OK, the Streeter88 GM experiment is done; hopefully not to be repeated. (I'll show myself out now - please everyone hold the tomatoes)

Your turn, TPGC. Tell us all the ways Chaim suceeded this year, and how he will find a way to do even better next year.
I appreciate the response. No tomatoes here, your logic is mostly sound. 2022 was a perfect shitstorm of underperformance, injury, questionable managing at injury, and some miscalculation. I'm not sure how much of that can be pinned on Bloom, however, especially to the extent that he should be replaced.

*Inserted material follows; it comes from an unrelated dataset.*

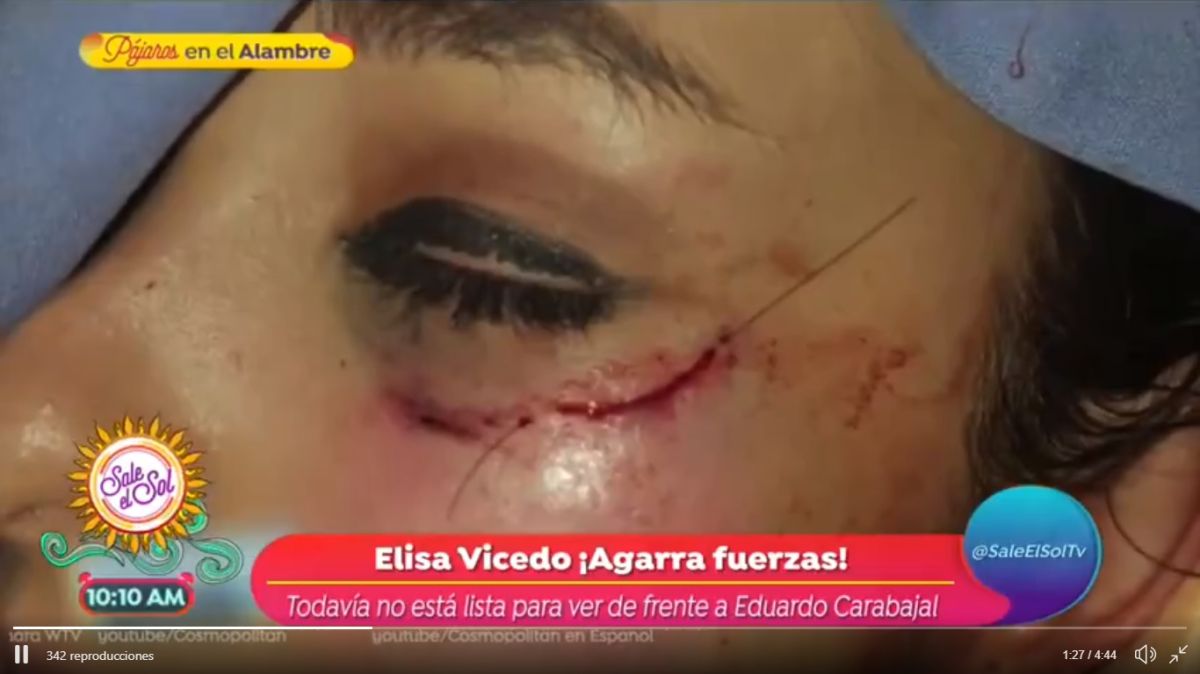 Elisa Vicedo sufiró heridas.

A good part of your criticism is of Cora rather than/equal to Bloom, and I agree. While I think he's an overall asset, 2022 was not a good year on his resume. His bullpen usage was outright baffling at times, and the repeated appearances of Robles and Familia (and to a lesser extent Brasier) in high leverage spots was particularly unconscionable.
But I don't think the construction of the bullpen was flawed heading into the season. A crew of Whitlock and/or Houck, Barnes, Taylor, Schreiber, Robles, Strahm, Diekman, Sawamura, and Davis is solid when healthy, with the possibility of Hill being added later in the season if the rotation broke right. Instead, Taylor never pitched, and Whitlock, Houck, Barnes, and Strahm all missed time due to injury. Robles cratered out of nowhere after three straight years of providing dependable innings. Diekman was, well, Diekman, which is fine if he's your fifth or sixth option rather than third or fourth. I don't think there's much of the above you can pin on Bloom.
We have the benefit of hindsight, but AT THE TIME the Renfroe trade made sense, or at least you could see the logic. The biggest flaw of the '21 team was defense, and Renfroe was Exhibit A. The thought was that a) Renfroe had a career year and you could sell high b) JBJ would help to correct that defense c) the two prospects would provide value down the road. The injuries to Hernandez and Arroyo and underperformance of Dalbec (forcing Cordero to play first at times) opened the door to JBJ as an everyday player. That wouldn't be a problem if.......
The middle of the lineup as a whole underperformed. Devers and JD cratered as the season went on, in JD's case so much that he has the second lowest WAR of any player in the AL from June 1 to Labor Day. Story was injured for half the season. Devers turned into a singles hitter. If those four guys are clicking on all cylinders, then the lineup can carry a defense-first JBJ much like 2018. Again, I don't know how much of that massive underperformance can be pinned on Bloom.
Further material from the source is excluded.